Lack of Whistleblower Protections Impacts Reports of Noncompliance

A report from the HHS Office of Inspector General (“OIG”) indicates that complainants often refrain from reporting information about alleged noncompliance with protections for human subjects to the Office for Human Research Protections (“OHRP”), because the agency lacks the authority to offer whistleblower protections. Information about alleged misconduct provided to OHRP officials does not qualify as a “protected disclosure” from which a complainant can receive whistleblower protections. Those with information regarding noncompliance with human subject protections, however, can disclose such allegations to other regulatory agencies and receive protections from those agencies. In its report, the OIG requests that OHRP make greater efforts to inform potential complainants of ways to receive whistleblower protections and asks that HHS consider the appropriateness of whistleblower protections for such complainants.

Overview of Whistleblower Protections

Whistleblower protections ensure that workforce members reporting compliance concerns receive job security or other similar assurances when they choose to report alleged misconduct. A workforce member may receive whistleblower protections if an HHS contractor, sub-contractor, grantee, or sub-grantee takes “prohibited employment action” (i.e. retaliation) against him or her for making a protected disclosure. A protected disclosure is defined as:

  1. A disclosure of information that the workforce member “reasonably believes is evidence of a substantial and specific danger to public health or safety, or a violation of law, rule, or regulation related to the HHS contract or grant,” and
  2. A disclosure made to “specific individual and entities, such as the OIG, the official of the grant-awarding agency (e.g. the National Institutes of Health) that is responsible for grant oversight and management; or a relevant employee of the contractor, sub-contractor, grantee, or sub-grantee who has the responsibility to investigate employee misconduct.”
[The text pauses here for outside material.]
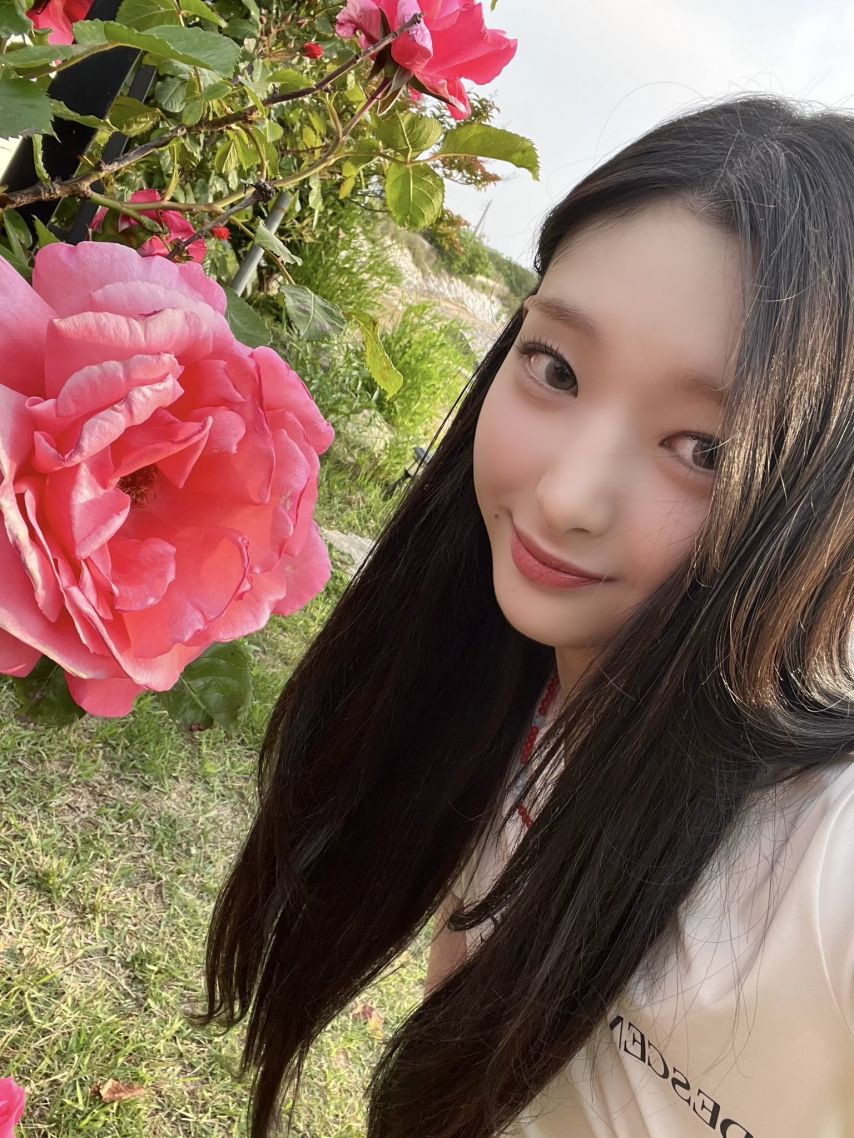 힛지스 혜린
If a workforce member who makes a protected disclosure is subject to prohibited employment action, he or she may file a complaint with the OIG and receive a variety of forms of compensation for such action, provided he or she can prove that she made a protected disclosure, and the employer had knowledge of the disclosure and took prohibited action against the workforce member because of that disclosure.

OIG Report Findings

The results of the OIG’s investigation into the impact of OHRP’s lack of authority to offer whistleblower protections were telling. OHRP indicated that it receives requests for whistleblower protections and at times, complainants refrain from reporting instances of noncompliance because of OHRP’s lack of authority to offer such protections. The OIG sampled five compliance evaluations to understand the effect that whistleblower protections, or lack thereof, has on workforce member reports of noncompliance. The OIG found that in four out of the five compliance evaluations reviewed, workforce members feared retaliation in response to reporting human subject protection violations. In every evaluation, the complainants communicated their concerns to OHRP, despite fearing retaliation. It is important to remember, however, that the OIG’s investigation could not account for reports of noncompliance with human subject protections that workforce members never actually made due to fear of reprisal.

Recommended Action

As a result of its findings, the OIG recommends that OHRP inform complainants of how they can potentially obtain protections by either 1) reporting alleged noncompliance to another agency, 2) OIG or the HHS agency awarding research grants, and 3) by posting on websites and including the information in routine outreach to research institutions. OIG also requests that HHS review the adequacy of whistleblower protections. This could help HHS determine whether it should seek a legislative change that enables OHRP and other HHS entities that are not responsible for contract or grant oversight management to receive protected disclosures and thereby offer whistleblower protections to those seeking them.

Impact on Research Institutions

The OIG’s report reflects the importance of cultures of compliance within research institutions. Not only is it imperative for institutions to have channels of communication so that workforce members feel empowered to voice suspected instances of noncompliance, but institutions must also implement policies and training that reflects non-tolerance for any retaliation against a workforce member for voicing such concerns.